Drawing from over 200 hours of interviews, new and archival video, music, and photos, the film distills and celebrates the Bethlehem story of a community transformed by art, of artists transformed by a community.

“Rooted” follows the stories of a handful of artists who spent their lives living and creating with the people and place of Bethlehem, Pennsylvania.

What were the hardest challenges they faced? What did they learn? How did their home, the place of their inquiry, change over the decades? And what might it all mean for the generations of future art creators to come?

The film is a celebration of almost 50 years of art, music, and performance that transformed a community.

Filming began in earnest in early September with of 2024 with seven different tree planting ceremonies to honor several of the artists and places where art creation sprang up over the last decades— Parham Park next to Touchstone Theatre, the IceHouse Performing Arts Center, Central Moravian Church, Yosko Park in South Bethlehem, Godfrey Daniels, Zoellner Arts Center, and Payrow Plaza.

Bill George, Co-Founder of Touchstone Theatre and Rooted Project Member said: “Rooted traces the fascinating, complex, personal, and compelling drama, working alone and often side by side together over decades — and how place becomes crucial to identity, voice, catharsis, and a revitalized community, how it stimulates us economically, socially, environmentally, and spiritually.”

During the mid-nineteen-seventies, a surprising shift of fortune befell the City of Bethlehem, Pennsylvania. As the curtain began to fall on over a century of steelmaking, this small post-industrial community underwent an unanticipated rebirth—a transformation from a Steel Town to an Arts Town. That transformation has still not seen its full potential, yet awakened by government advances in the late 1960’s (the new 501-C3 tax laws and emerging State Arts Councils) and the experimental zeitgeist of the time, idealistic artists began to transform this particular back yard of American life. Since then over thirty new cultural non-profits, a dozen galleries, innumerable festivals, and an accompanying layer of small creative businesses have taken root in Bethlehem’s Lenape soil. A strong, artist-led and community-minded arts culture took shape on the streets, in repurposed and sometimes abandoned buildings, and its work and practices evolved following a dedication to excellence, originality and play, collaboration, social justice; and curiously enough, an increased emphasis on the importance of place.

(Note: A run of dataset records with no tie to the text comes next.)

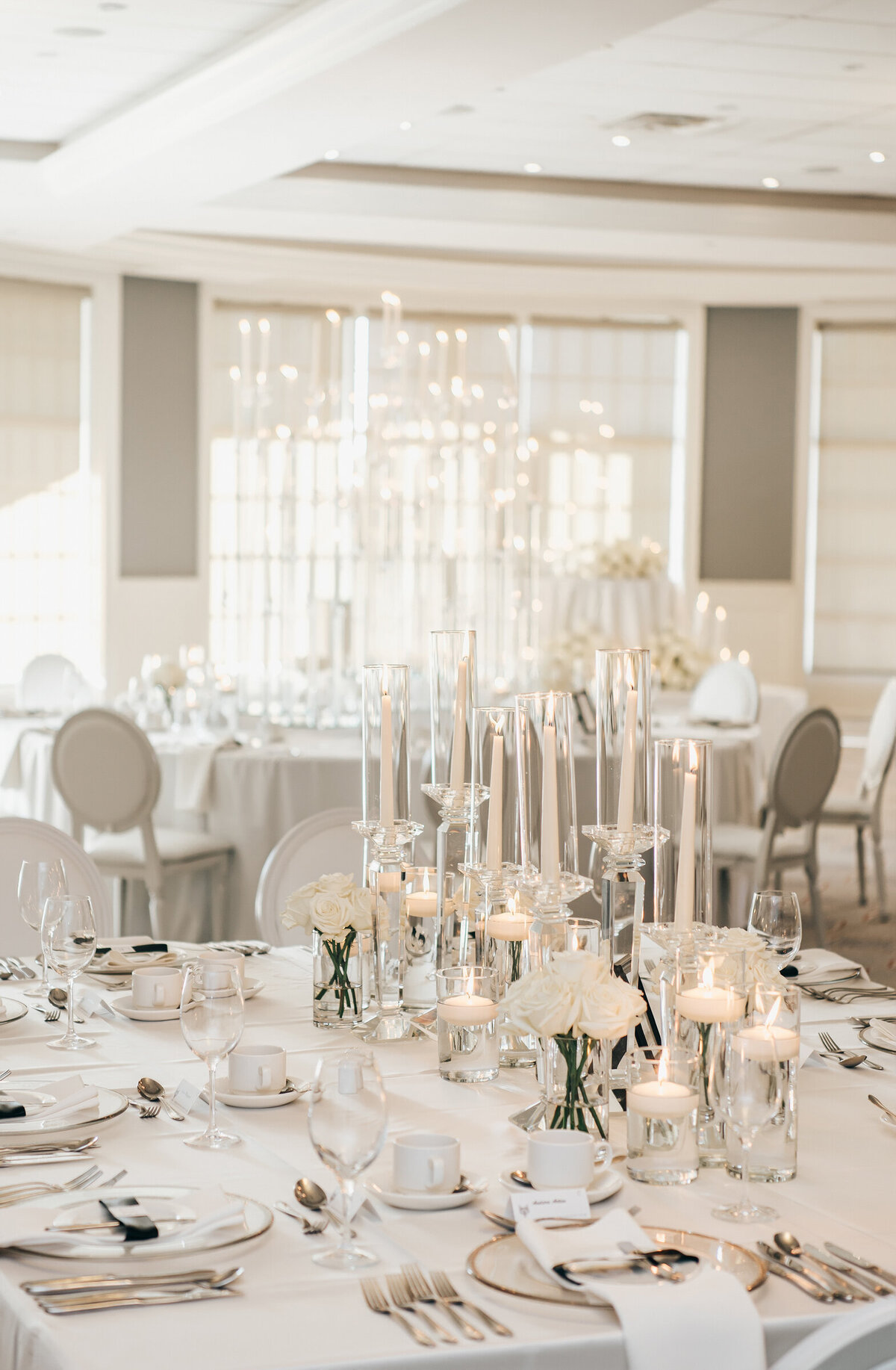 Elegant table settings with white accents and candles at a black tie wedding reception
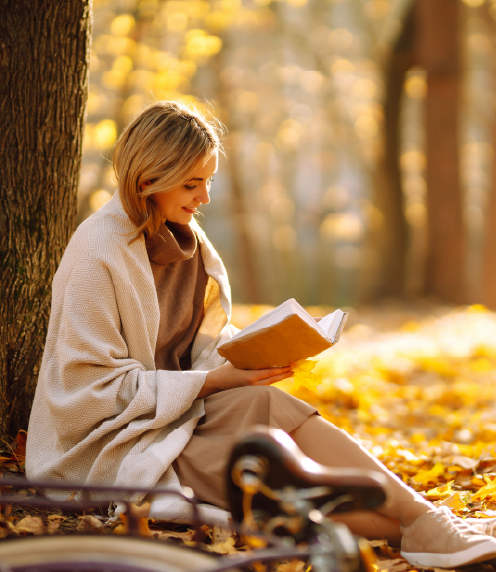 Woman reading a book while wrapped in a blanket under a tree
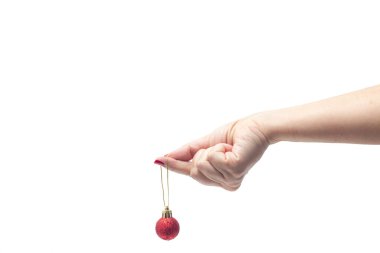 Kırmızı tırnaklı bir kadın eli, beyaz arka planda kırmızı bir Noel topu tutuyor..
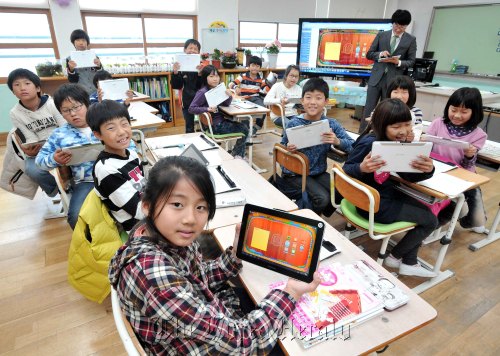 Students at Nohwa Elementary School on Wando, a remote island in South Jeolla Province, play with mobile devices provided by Samsung Electronics in a “smart classroom” on Thursday.  Samsung Electronics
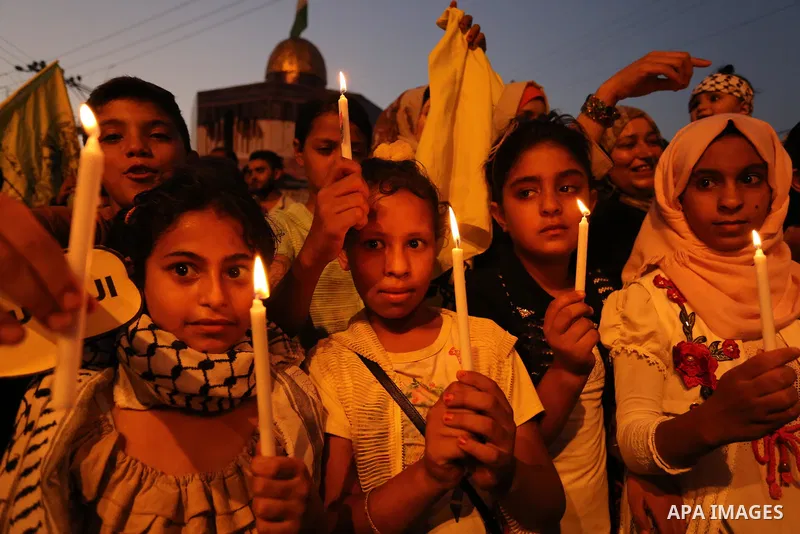 Palestinian children hold candles during a protest against Israel's newly-installed security measures at the entrance to the al-Aqsa mosque compound, in Khan Younis in the southern Gaza Strip July 23, 2017. Photo by Ashr...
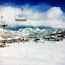 A snow-covered ski slope with ski lifts, buildings, and mountains in the background.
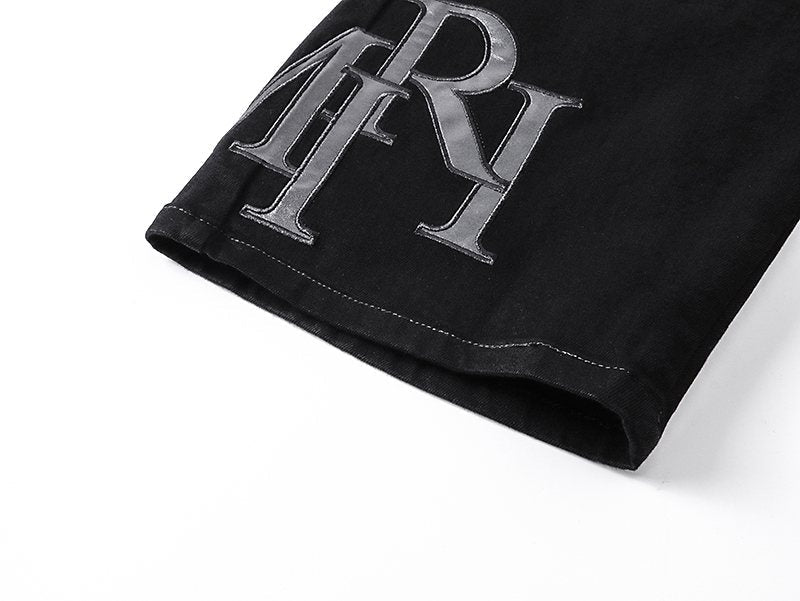 AMIRI Tonal Monogram Denim Shorts — detail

Rooted will endeavor to tell this story, featuring interviews with over fifty artists and community representatives, video and photo records of pivotal arts events from throughout the decades, and the documentation of a ceremony of sorts—tree plantings at seven different locations in Bethlehem that were important sites for the emergence of this not-to-be-forgotten work.

The film’s budget is expected to be approximately $50,000, and a public campaign for donations is ongoing. Rooted will be moving, informative, and useful for general audiences

— locally, nationally, and internationally — and will eventually be housed at the Special Collections branch of the Lehigh University Libraries to be a resource for generations to come.